> [WHAT YOU SHOULD DO]: Your response should be a copy of each line in the listing below that includes the word "Photo".

------------------------------------------------------------

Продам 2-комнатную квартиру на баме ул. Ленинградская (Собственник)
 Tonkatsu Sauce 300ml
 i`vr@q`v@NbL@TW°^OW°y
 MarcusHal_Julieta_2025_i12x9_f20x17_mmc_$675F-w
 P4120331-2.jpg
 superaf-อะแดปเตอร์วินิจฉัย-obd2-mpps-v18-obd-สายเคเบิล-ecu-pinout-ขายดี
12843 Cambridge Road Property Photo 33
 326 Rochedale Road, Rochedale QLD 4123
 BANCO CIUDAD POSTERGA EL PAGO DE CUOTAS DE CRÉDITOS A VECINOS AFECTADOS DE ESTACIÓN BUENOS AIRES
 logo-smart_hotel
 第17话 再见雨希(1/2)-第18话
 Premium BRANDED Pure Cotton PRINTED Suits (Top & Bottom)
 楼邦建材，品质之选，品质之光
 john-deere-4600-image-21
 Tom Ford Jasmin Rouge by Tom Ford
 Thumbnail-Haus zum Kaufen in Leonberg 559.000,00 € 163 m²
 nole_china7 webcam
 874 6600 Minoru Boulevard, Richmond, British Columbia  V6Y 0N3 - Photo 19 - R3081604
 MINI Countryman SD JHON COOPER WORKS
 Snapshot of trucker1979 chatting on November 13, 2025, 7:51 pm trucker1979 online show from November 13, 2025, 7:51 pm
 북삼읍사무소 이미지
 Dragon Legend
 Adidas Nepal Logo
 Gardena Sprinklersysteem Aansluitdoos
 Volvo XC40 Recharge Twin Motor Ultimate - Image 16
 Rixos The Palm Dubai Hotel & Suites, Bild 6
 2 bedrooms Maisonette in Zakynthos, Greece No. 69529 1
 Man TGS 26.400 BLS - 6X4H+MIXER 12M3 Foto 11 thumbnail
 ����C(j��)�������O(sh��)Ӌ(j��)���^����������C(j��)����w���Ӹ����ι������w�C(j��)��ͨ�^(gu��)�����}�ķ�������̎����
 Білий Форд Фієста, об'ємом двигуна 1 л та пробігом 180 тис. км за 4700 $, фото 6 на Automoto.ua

------------------------------------------------------------

> [RESULT OF THE TASK]:
12843 Cambridge Road Property Photo 33
 874 6600 Minoru Boulevard, Richmond, British Columbia  V6Y 0N3 - Photo 19 - R3081604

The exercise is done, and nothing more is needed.